Background: Alzheimer's disease (AD), with cognitive impairment as the main clinical manifestation, is a progressive neurodegenerative disease. The assembly of amyloid-β (Aβ) as senile plaques is one of the most well-known histopathological alterations in AD. Several studies reported that cognitive training reduced Aβ deposition and delayed memory loss. However, the long-term benefits of spatial training and the underlying neurobiological mechanisms have not yet been elucidated.
Objective: To explore the long-term effects of spatial training on AD-related pathogenic processes in APP/PS1 mice.
Methods: We used Morris water maze (MWM), Open Field, Barnes Maze, western blotting, qPCR, and immunofluorescence.

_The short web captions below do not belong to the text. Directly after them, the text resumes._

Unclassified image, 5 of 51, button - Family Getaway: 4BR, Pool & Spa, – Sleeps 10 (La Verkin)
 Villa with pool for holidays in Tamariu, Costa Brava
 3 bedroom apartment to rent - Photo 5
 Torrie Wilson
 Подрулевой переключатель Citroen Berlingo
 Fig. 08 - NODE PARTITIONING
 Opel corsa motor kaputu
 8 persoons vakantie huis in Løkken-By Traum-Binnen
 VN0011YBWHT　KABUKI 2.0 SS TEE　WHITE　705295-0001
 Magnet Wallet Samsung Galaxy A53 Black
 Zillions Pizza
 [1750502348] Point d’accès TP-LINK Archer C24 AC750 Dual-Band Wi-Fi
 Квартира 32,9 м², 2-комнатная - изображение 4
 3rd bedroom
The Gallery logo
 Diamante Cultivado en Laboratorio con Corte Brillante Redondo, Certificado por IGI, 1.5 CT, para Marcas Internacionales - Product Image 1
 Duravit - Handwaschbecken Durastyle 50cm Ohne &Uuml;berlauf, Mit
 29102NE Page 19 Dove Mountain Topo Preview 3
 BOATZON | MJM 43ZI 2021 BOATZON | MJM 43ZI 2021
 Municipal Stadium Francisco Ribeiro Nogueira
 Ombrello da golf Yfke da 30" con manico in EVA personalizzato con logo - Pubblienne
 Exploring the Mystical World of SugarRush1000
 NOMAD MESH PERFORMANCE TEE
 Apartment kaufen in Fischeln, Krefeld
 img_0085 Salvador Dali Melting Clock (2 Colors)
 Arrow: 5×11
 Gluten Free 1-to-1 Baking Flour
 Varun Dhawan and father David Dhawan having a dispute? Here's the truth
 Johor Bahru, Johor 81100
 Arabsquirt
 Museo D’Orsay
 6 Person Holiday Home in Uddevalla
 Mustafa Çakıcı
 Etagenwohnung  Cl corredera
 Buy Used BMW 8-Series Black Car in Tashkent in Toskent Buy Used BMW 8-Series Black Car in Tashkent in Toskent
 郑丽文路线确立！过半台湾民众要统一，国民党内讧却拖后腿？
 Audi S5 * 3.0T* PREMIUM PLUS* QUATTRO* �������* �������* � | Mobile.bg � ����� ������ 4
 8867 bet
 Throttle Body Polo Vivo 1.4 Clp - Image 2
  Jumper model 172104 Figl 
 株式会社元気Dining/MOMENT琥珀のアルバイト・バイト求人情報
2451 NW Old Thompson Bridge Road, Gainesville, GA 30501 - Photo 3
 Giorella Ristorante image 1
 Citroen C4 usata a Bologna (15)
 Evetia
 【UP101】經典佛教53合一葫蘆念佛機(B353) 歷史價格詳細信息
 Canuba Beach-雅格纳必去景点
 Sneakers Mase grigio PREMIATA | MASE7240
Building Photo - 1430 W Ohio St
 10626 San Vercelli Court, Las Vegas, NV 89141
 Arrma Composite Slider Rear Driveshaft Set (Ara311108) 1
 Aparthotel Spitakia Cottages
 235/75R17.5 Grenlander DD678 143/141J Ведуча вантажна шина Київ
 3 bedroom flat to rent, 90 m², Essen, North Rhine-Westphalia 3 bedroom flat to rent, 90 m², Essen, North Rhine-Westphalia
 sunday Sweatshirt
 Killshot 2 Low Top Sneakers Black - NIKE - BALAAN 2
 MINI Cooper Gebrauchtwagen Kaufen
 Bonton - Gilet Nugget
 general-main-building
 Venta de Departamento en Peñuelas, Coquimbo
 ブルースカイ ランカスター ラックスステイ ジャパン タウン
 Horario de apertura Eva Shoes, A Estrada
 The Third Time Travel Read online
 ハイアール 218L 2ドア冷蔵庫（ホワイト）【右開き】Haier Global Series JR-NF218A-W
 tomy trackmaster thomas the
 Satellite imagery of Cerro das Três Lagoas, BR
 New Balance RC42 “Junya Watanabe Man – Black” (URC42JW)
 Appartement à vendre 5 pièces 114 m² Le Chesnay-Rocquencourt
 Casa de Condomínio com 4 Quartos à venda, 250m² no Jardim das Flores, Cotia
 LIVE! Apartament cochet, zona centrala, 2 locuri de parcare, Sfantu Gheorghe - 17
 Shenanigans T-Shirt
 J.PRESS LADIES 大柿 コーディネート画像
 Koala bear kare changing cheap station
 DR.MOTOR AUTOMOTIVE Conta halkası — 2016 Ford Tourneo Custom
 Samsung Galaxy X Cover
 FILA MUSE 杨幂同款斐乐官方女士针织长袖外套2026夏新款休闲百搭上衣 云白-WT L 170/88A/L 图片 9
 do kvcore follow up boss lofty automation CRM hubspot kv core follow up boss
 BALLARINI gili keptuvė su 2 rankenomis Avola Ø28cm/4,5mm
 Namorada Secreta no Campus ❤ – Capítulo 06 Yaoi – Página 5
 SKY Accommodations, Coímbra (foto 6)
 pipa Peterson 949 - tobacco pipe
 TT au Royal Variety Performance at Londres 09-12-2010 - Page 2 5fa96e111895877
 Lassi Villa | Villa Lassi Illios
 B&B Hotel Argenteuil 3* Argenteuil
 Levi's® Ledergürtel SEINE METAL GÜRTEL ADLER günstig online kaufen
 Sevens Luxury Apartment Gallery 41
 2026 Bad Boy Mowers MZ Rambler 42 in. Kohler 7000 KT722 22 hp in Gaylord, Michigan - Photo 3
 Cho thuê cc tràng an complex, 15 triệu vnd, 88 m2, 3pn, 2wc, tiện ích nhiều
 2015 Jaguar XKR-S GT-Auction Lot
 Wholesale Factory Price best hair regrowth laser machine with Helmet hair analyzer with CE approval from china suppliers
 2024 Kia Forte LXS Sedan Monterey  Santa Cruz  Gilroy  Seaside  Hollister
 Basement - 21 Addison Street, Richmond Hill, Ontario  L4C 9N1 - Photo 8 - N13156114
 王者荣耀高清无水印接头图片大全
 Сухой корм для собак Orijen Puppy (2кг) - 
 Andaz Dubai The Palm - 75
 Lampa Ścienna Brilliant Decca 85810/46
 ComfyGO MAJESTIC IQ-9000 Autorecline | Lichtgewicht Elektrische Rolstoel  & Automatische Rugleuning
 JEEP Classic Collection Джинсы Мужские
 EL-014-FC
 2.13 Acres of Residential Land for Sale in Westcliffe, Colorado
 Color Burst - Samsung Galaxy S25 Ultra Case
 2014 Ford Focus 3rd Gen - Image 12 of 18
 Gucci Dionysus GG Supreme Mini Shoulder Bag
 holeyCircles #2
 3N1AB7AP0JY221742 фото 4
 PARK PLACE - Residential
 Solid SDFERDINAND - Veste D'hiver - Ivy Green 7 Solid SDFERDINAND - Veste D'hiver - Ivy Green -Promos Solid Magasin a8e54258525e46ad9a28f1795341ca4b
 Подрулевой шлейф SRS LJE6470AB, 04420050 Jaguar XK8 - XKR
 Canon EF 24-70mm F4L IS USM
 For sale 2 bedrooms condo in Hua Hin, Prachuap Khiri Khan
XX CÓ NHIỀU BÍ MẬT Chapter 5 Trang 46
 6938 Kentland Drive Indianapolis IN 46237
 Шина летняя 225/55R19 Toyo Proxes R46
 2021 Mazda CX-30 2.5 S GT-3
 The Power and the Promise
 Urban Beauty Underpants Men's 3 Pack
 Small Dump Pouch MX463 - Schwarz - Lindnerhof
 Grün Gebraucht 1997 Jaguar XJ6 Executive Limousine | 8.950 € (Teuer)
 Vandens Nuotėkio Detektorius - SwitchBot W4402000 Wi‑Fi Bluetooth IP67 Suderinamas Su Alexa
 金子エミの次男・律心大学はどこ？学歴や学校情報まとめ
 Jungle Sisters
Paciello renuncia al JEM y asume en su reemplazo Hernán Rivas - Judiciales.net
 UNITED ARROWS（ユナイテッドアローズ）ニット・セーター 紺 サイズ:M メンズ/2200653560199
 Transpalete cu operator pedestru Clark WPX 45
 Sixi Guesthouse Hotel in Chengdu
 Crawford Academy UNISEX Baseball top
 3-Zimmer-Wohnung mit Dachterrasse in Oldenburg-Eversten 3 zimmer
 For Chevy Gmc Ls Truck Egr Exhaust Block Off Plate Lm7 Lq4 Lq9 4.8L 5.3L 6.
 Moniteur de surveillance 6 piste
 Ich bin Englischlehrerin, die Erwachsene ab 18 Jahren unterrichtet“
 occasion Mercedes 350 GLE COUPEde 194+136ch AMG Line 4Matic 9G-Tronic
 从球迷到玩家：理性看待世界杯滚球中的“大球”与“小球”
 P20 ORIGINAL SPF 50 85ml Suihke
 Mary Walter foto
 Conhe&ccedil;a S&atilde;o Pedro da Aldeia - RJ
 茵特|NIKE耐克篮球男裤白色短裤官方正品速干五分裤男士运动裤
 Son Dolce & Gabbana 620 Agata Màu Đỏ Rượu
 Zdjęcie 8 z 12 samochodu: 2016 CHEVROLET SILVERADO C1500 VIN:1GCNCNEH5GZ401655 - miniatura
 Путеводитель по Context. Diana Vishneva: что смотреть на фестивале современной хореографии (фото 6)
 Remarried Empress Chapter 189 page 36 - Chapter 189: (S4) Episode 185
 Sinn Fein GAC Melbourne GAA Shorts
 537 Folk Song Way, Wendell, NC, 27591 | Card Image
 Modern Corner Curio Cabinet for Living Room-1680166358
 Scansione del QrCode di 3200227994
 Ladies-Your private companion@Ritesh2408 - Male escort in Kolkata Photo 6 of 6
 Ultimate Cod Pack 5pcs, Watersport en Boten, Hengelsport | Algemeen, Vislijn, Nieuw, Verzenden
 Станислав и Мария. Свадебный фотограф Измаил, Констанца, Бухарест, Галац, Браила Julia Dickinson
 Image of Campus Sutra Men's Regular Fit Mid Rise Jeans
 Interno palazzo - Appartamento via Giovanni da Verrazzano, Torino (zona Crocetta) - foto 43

Results: One-month MWM training in APP/PS1 mice at 2.5 months of age could attenuate Aβ deposition and decrease the expression of β-secretase (BACE1) and amyloid-β protein precursor (AβPP) with long-term effects. Simultaneously, regular spatial training increased the expression of synapse-related proteins in the hippocampus. Moreover, MWM training increased adult hippocampal neurogenesis in AD model mice. Nonetheless, cognitive deficits in APP/PS1 transgenic mice at 7 months of age were not attenuated by MWM training at an early stage.
Conclusion: Our study demonstrates that MWM training alleviates amyloid plaque burden and adult hippocampal neurogenesis deficits with long-term effects in AD model mice.
Keywords: Adult hippocampal neurogenesis; Alzheimer’s disease; AβPP; BACE1; amyloid-β; spatial training.